This recipe makes two servings. I usually have one portion, hot, with whatever I am having for dinner (see image below) and the second serving for lunch the next day, either as part of a "Buddha" Bowl, with various vegetables and perhaps some kimchi or combined with some cooked chickpeas for a quick lunch.
3/4 cup of freekeh, rinsed
1 1/4 cups of water, vegetable stock or chicken stock
1/2 white onion, diced
1 cup diced vegetables (above I used diced carrots only, but you can use pretty much anything you have in your fridge, or feel like eating. You can also add a generous tablespoon of chopped herbs at the end, which will also change the flavor palate. And, you can also add some raisins or chopped apricots as a foil, if you serve this with, say, lamb chops, or a dish that has a Middle eastern spice component)
1/4 tsp turmeric
1/8 tsp salt
1 tsp oil
2 tsps butter
Heat the oil in a saucepan over medium heat until it shimmers. Add the onion, carrot and spices and stir to combine. Cook for a couple of minutes, until the onion has started to soften.

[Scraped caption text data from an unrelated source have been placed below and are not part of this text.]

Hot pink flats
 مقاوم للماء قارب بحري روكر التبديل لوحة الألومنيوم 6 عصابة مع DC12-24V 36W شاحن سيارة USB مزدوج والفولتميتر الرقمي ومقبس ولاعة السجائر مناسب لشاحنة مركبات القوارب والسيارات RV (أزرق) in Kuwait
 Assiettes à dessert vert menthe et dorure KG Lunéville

Add the freekeh to the pan. Stir to combine with the vegetables. Cook, stirring constantly, for a minute or so to slightly toast the grain, before adding the stock to the pan.
Stir to combine, lower the heat slightly, cover and cook for fifteen minutes. Check at the ten minute mark; if the pan is starting to look a little dry, stir in an additional quarter cup of water or stock.
Remove from the heat, add the butter, and set aside for five additional minutes, covering it again, so that the grain can steam a bit and absorb the residual liquid.
After five minutes, stir in the now melted butter, check for seasoning, stir in the chopped herbs (if using) and serve your version of this as a side dish in much the same manner you would rice or couscous.